Instructions to follow: Your output should be an exact copy of the records, with no pictures in it.

=== Study material ===

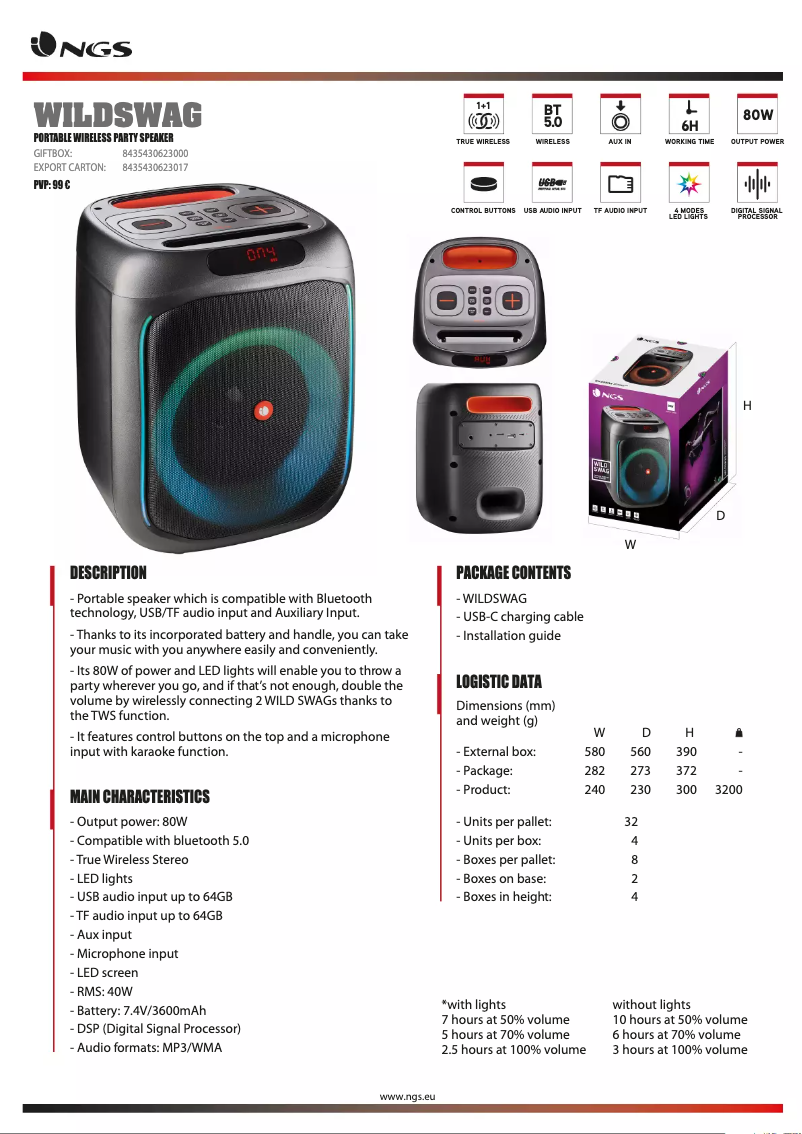 Image de la première page du manuel de l'appareil Wild Swag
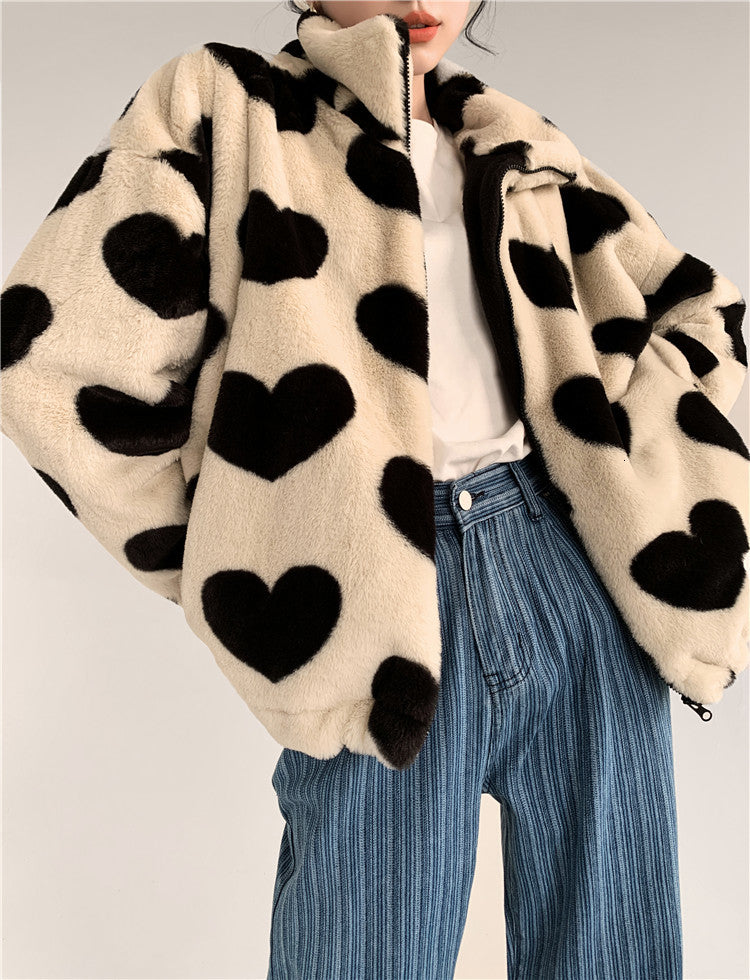 2021 New Beige Faux Fur Coat Women Heart Print Sherpa Kawaii Fleece Jacket Cute Winter Outerwear Korean Fashion Clothing Ic6w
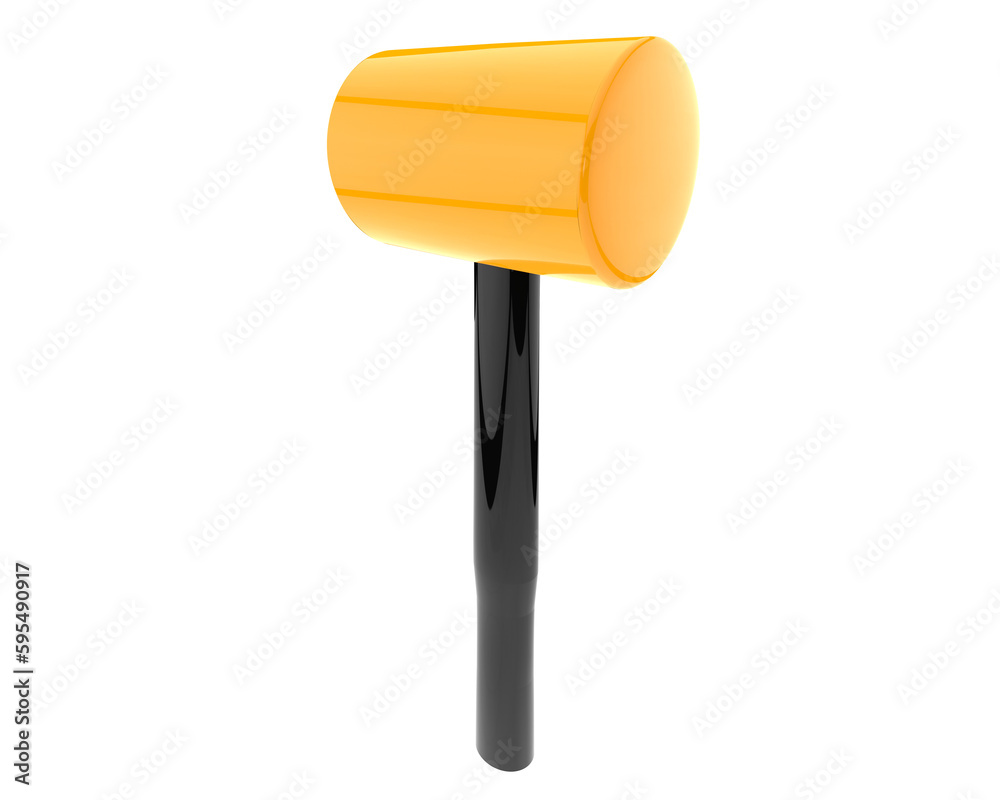 Mallet isolated on transparent background. 3d rendering - illustration Mallet isolated on transparent background. 3d rendering - illustration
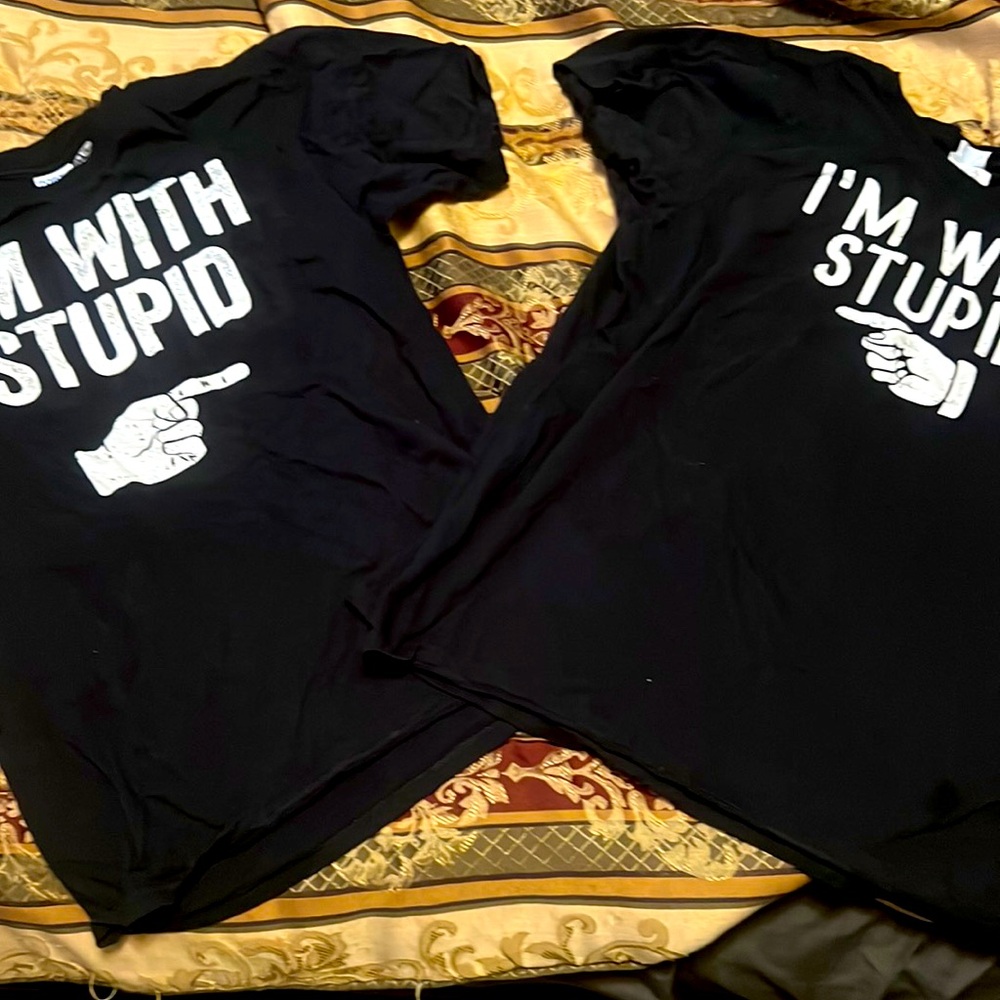 🔥#LOL "IM WITH STUPID " BUNDLE OF 2 COMEDY SHIRTS!! FUNNY TWINNING!!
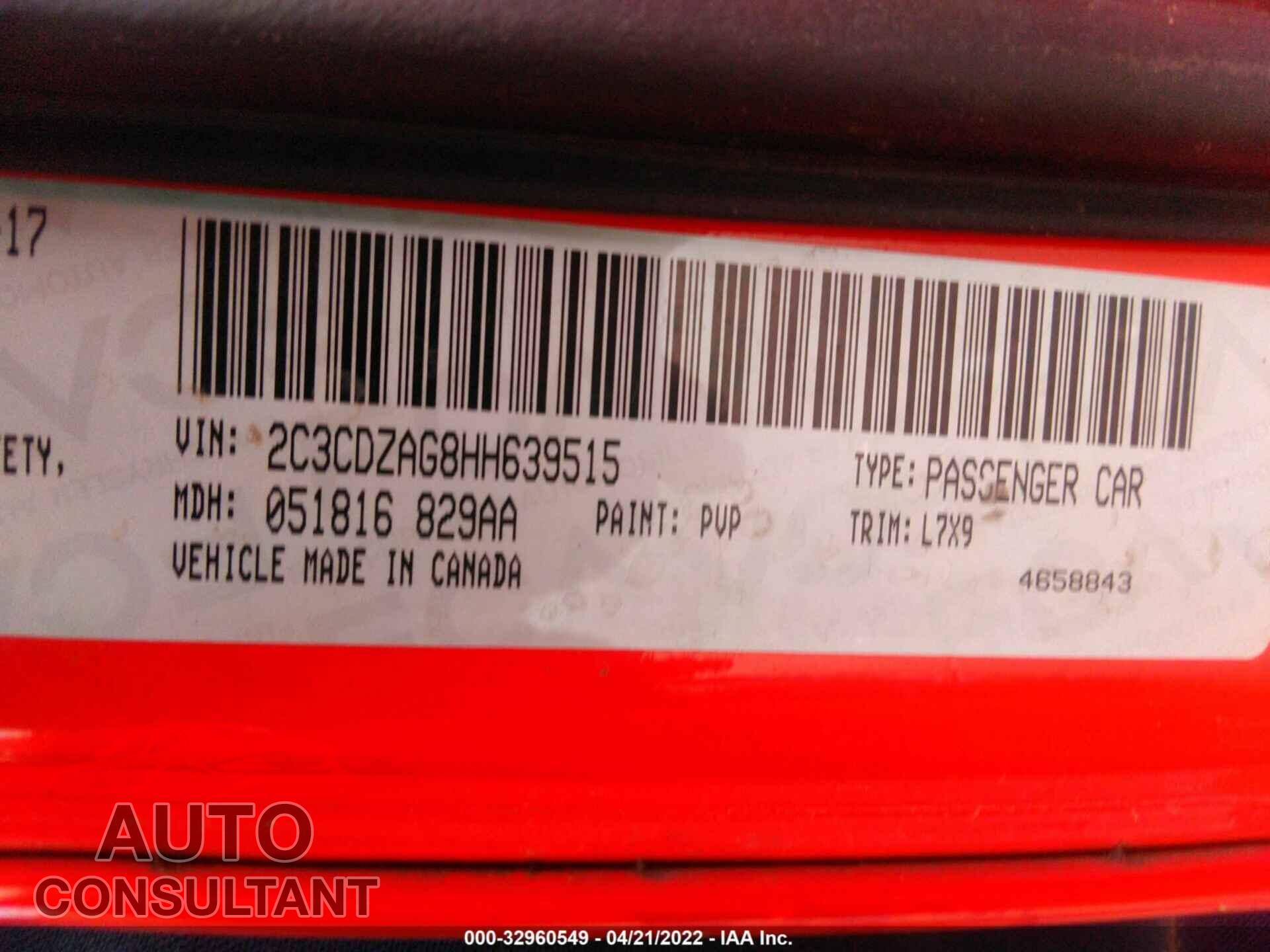 DODGE CHALLENGER 2017 - 2C3CDZAG8HH639515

===

Exercise result:
 Image de la première page du manuel de l'appareil Wild Swag
 2021 New Beige Faux Fur Coat Women Heart Print Sherpa Kawaii Fleece Jacket Cute Winter Outerwear Korean Fashion Clothing Ic6w
 Mallet isolated on transparent background. 3d rendering - illustration Mallet isolated on transparent background. 3d rendering - illustration
 🔥#LOL "IM WITH STUPID " BUNDLE OF 2 COMEDY SHIRTS!! FUNNY TWINNING!!
 DODGE CHALLENGER 2017 - 2C3CDZAG8HH639515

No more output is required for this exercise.